When the weather first took a turn towards winter, we had a bit of an issue with our heating. We couldn't get it going properly in all the rooms. We have radiators you see and who under the age of 65 has any idea how to work a metal radiator? As far as I can tell you have to completely open the one in the kitchen to get the heat flowing to each of the subsequent radiators. Well, some men came by, opened them up, laughed at us for our incompetence and we had heat, for about a month until three days ago when I noticed a draft in the living room. I opened them all up, my right-y tight-y, left-y loose-y system was confirmed by the soğuk/sicak markings on the knobs, but work they did not.
It got colder and colder until I was forced to wear a hat and winter jacket in the living room, not noticing a difference from the temperature outside when I entered my flat. Then I noticed, when doing a pile of dishes, that there wasn't any hot water. This happens occasionally, I think we have building-wide hot water, a rarity here, and it is often depleted at high-shower times (7-8am) but I noticed throughout the day that the water wasn't just lukewarm but unbearably freezing. And, since I hadn't showered in two days, this was going to be a problem.
A cold shower when you're in a warm apartment isn't fun, but its not threatening to your health either. A hot shower in a cold apartment can be equally shocking to the system but, ultimately its pretty benign. An ice cold shower in a 50 degree (9C) apartment is both not fun and not healthy. So, I got creative.
Or rather, I thought back to our forefathers, what would, nay, what did they do when faced with such a situation. They boiled water over a fire and then washed themselves with that warm water. And, while I didn't have a fireplace, I did have my trusty electric kettle. So, after boiling some tap water, I grabbed my pasta pot--the largest pot I own--and got into the bath tub. I carefully mixed the boiling water with the ice water from the tap. I did my best to wash my hair and while there is still a bit of shampoo residue, I deem the adventure a success.
Shower down. Next thing to tackle was the laundry. See, we have a washing machine but I have a feeling it was some factory reject the university acquired at a severely discounted price. The thing hops and dances all over the bathroom and, if you're not careful to put away the TP and anything else on top to the machine before starting a cycle, you can be sure it will end up in the toilet. This was always annoying but recently things have taken a turn for the worse. The damn thing will hop its way around, spinning 180 degrees to face the wall it came from, it makes such a racket and bangs so violently that I am beginning to worry it will dislodge the toilet at some point. It made such a hullabaloo when I used it on Saturday, I cancelled the cycle and rung out the clothes myself.
Delightful right? Well, back to the heating situation. Living in an ancient building in Turkey rarely has the charm of some reclaimed Brooklyn loft with exposed brick and wood beams.

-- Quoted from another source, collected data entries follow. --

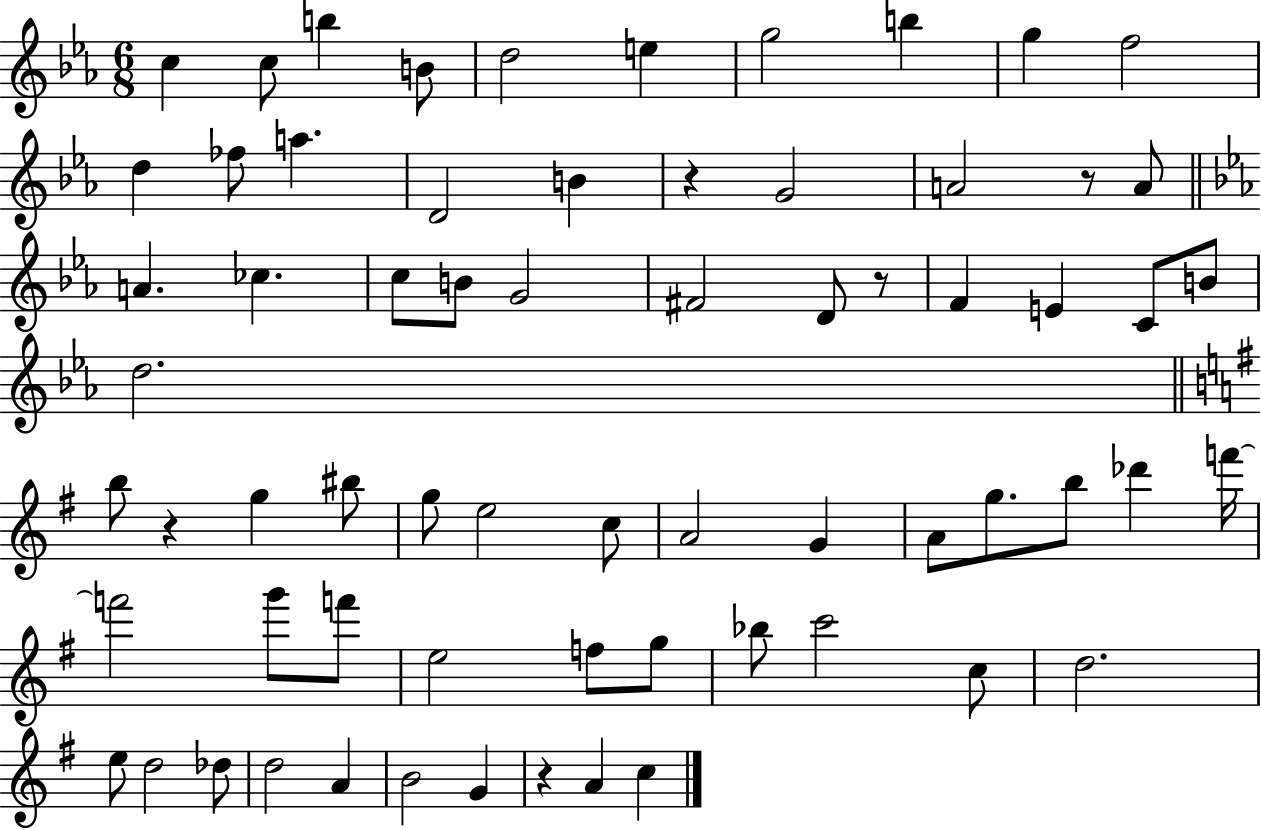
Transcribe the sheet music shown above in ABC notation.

X:1
T:Untitled
M:6/8
L:1/4
K:Eb
c c/2 b B/2 d2 e g2 b g f2 d _f/2 a D2 B z G2 A2 z/2 A/2 A _c c/2 B/2 G2 ^F2 D/2 z/2 F E C/2 B/2 d2 b/2 z g ^b/2 g/2 e2 c/2 A2 G A/2 g/2 b/2 _d' f'/4 f'2 g'/2 f'/2 e2 f/2 g/2 _b/2 c'2 c/2 d2 e/2 d2 _d/2 d2 A B2 G z A c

These buildings are scary and typically malfunction so often that any charm you could possibly squeeze out of anything built in the 1960s is immediately rendered worthless. The electricity just shuts off when it wants. Lightbulbs blow weekly. The circuits are tripped daily. There is some honking noise coming from the basement that Sherri and I initially and incorrectly attributed to a fog horn from the shipyard behind our building.
I wish I could say, however, that the terrible heating found in our apartment could be credited to any of the following:
1. a warm climate that so rarely requires good heating that in the occasional cold-snap, people freeze (unequivocally false)
2. its a damn old building made of uninsulated concrete with drafty, mis-shaped windows (this definitely doesn't help but it's not the whole problem)
3. a lazy foreman with only a menial knowledge of building (again, perhaps true, but then, every building nation-wide would also fall into this category)
Our university opened in 2006 and, while it was originally part of Trakya Universitesi, an enormous school, many of our buildings are brand new, like really, brand new. They are still being built around us. One thing you will see throughout these buildings, however, is the space heater. Yes, the space heater. And, I'm not talking little black box of warm-ish air, I'm talking gigantic fire-breathing fire-hazard.
I find it hilarious, after being fined for having a coffeepot in my school dorm because it was deemed a fire hazard, that this would be allowed anywhere near a university facility. Well, I kid you not when I say, there is at least one in every single administrative office. No word yet on how many people have been maimed by the heat these things throw, or how much property damage or many people have been killed by fires started by them, but hey the radiators certainly aren't doing it.
I'll get back to you when I track down the architect and ask why central heating was not included and also, while we're at it, why on earth the building is heated by coal. Coal that belches black, filthy, choking smog into the air and into my lungs and eyes. Coal that will be outlawed in 2 years time.